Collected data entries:
____________
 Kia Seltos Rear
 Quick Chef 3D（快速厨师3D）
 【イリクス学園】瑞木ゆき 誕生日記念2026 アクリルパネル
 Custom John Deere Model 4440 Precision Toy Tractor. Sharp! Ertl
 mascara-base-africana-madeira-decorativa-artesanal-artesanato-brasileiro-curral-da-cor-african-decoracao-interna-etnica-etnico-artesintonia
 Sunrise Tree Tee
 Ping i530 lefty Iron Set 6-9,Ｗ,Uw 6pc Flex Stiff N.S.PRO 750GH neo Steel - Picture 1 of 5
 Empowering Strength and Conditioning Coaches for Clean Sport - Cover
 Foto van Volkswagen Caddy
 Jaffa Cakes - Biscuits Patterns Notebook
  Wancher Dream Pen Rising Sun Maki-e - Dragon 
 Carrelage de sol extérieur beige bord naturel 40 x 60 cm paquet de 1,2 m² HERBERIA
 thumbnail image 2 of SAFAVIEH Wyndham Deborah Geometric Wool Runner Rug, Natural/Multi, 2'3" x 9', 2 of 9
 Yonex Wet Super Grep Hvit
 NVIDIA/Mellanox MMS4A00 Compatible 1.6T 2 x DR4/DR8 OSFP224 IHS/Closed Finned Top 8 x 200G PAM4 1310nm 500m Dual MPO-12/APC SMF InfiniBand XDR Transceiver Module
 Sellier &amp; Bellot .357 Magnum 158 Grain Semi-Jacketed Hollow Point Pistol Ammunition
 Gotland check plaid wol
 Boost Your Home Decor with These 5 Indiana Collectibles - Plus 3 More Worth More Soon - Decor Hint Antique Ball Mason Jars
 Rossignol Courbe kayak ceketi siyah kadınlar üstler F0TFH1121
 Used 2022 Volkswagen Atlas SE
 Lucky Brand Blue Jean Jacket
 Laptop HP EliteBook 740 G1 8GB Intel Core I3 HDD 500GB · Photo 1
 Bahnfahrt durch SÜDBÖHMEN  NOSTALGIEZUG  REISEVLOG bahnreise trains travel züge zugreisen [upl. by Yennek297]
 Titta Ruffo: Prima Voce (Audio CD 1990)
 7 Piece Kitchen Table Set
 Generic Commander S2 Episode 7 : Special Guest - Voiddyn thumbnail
____________
What you need to do.
Write out the entries above word for word.

Solved exercise.
 Kia Seltos Rear
 Quick Chef 3D（快速厨师3D）
 【イリクス学園】瑞木ゆき 誕生日記念2026 アクリルパネル
 Custom John Deere Model 4440 Precision Toy Tractor. Sharp! Ertl
 mascara-base-africana-madeira-decorativa-artesanal-artesanato-brasileiro-curral-da-cor-african-decoracao-interna-etnica-etnico-artesintonia
 Sunrise Tree Tee
 Ping i530 lefty Iron Set 6-9,Ｗ,Uw 6pc Flex Stiff N.S.PRO 750GH neo Steel - Picture 1 of 5
 Empowering Strength and Conditioning Coaches for Clean Sport - Cover
 Foto van Volkswagen Caddy
 Jaffa Cakes - Biscuits Patterns Notebook
  Wancher Dream Pen Rising Sun Maki-e - Dragon 
 Carrelage de sol extérieur beige bord naturel 40 x 60 cm paquet de 1,2 m² HERBERIA
 thumbnail image 2 of SAFAVIEH Wyndham Deborah Geometric Wool Runner Rug, Natural/Multi, 2'3" x 9', 2 of 9
 Yonex Wet Super Grep Hvit
 NVIDIA/Mellanox MMS4A00 Compatible 1.6T 2 x DR4/DR8 OSFP224 IHS/Closed Finned Top 8 x 200G PAM4 1310nm 500m Dual MPO-12/APC SMF InfiniBand XDR Transceiver Module
 Sellier &amp; Bellot .357 Magnum 158 Grain Semi-Jacketed Hollow Point Pistol Ammunition
 Gotland check plaid wol
 Boost Your Home Decor with These 5 Indiana Collectibles - Plus 3 More Worth More Soon - Decor Hint Antique Ball Mason Jars
 Rossignol Courbe kayak ceketi siyah kadınlar üstler F0TFH1121
 Used 2022 Volkswagen Atlas SE
 Lucky Brand Blue Jean Jacket
 Laptop HP EliteBook 740 G1 8GB Intel Core I3 HDD 500GB · Photo 1
 Bahnfahrt durch SÜDBÖHMEN  NOSTALGIEZUG  REISEVLOG bahnreise trains travel züge zugreisen [upl. by Yennek297]
 Titta Ruffo: Prima Voce (Audio CD 1990)
 7 Piece Kitchen Table Set
 Generic Commander S2 Episode 7 : Special Guest - Voiddyn thumbnail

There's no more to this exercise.